If an auto accident case is settled, can the plaintiff still file a lawsuit? The answer to the question depends on the number of potential defendants, the defendants included in the settlement, as well as the settlement’s terms. However, plaintiffs usually cannot sue the same defendant twice. Read on for more information on filing lawsuits after the settlement of a personal injury case.
Once a Release is Signed, a Plaintiff Cannot Change His or Her Mind
If a plaintiff settles a case and signs a liability release, the case is over even if the plaintiff refuses to accept the money. The person bringing the suit cannot reopen the suit or the claim, and if the person settles with the defendant before a suit is filed, he or she waives the right to sue in the future.
Settlements can be Set Aside
Disputes between parties occasionally arise, and if the dispute is large enough the plaintiff may be able to refuse the settlement. Procedures vary depending on whether the case is settled before or after a suit is filed.
- If an injury case is settled before the lawsuit is filed, and the plaintiff didn’t have a lawyer, they should get one. An insurance adjuster will not change his or her mind based on a plaintiff’s word alone, but even those with a
- Personal Injury Attorneys in Fredericksburg VA
- cannot always get insurers to reevaluate the case.
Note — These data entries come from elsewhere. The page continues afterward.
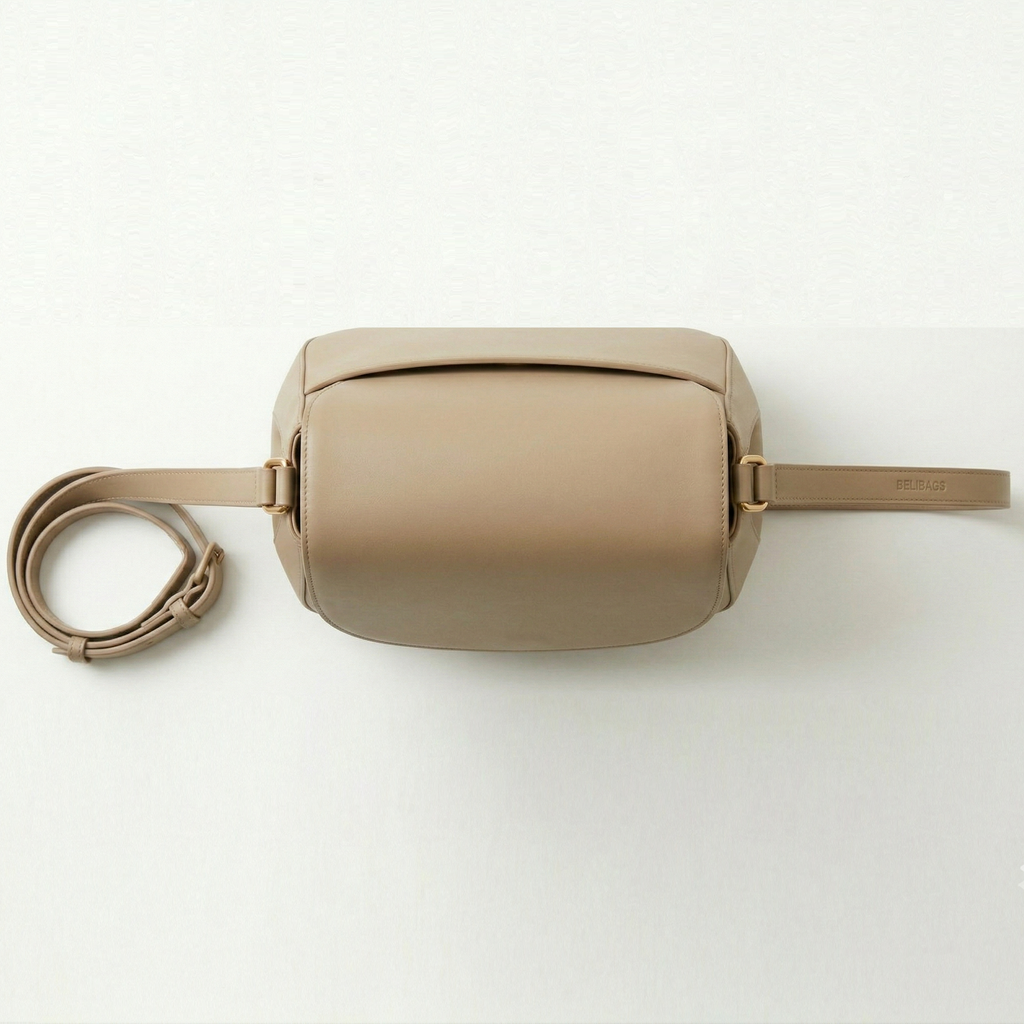 Belibags Classic Genuine Leather Crossbody Bag – Timeless Beige Luxury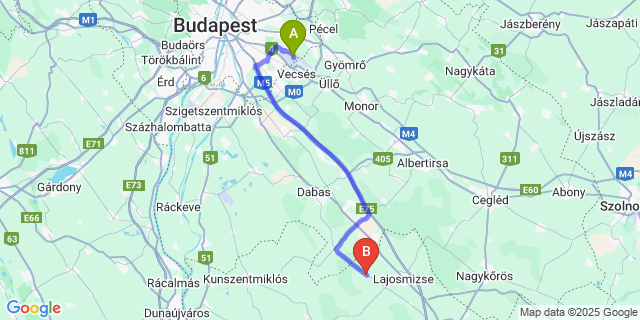 Map: Budapest Airport (BUD), Ferihegy, Liszt Ferenc to Ladánybene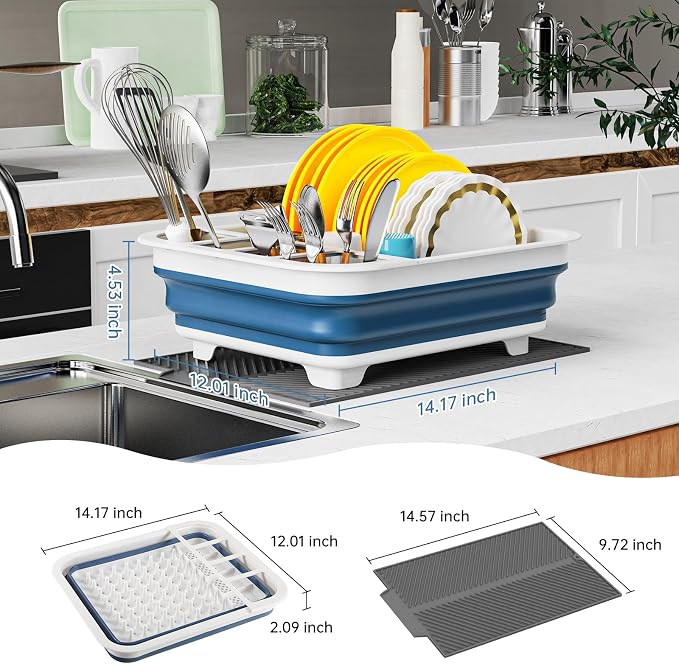 Dish Rack,Drying Rack Kitchen, Dish Racks for Kitchen Counter, Collapsible Dish Drying Rack—Suitable for Kitchens, motorhomes, Yachts, Campers - Blue-White (with Silicone Drain Pad) - Image 2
- If a personal injury case is settled during the lawsuit, Personal Injury Attorneys and the defendant’s lawyers will argue over the release’s terms. Typically, parties can resolve differences and come up with an amenable agreement.
If a Lawyer Offers Poor Advice
Even if a plaintiff’s lawyer gives bad advice as to a settlement, a plaintiff will not be able to back out or file another suit against the original defendant. The case would be over, and the only option a plaintiff would have is to file a suit against his or her Personal Injury Attorneys in Fredericksburg VA area.
Cases With Other Potential Defendants
In most cases, a settled claim against one defendant does not preclude a client from suing another potential defendant. Insurers use such language to ensure that their clients cannot be sued twice for the same case. For instance, if a person is in a crash with more than one driver, he or she should ensure that a signed release allows for continued claims against other drivers.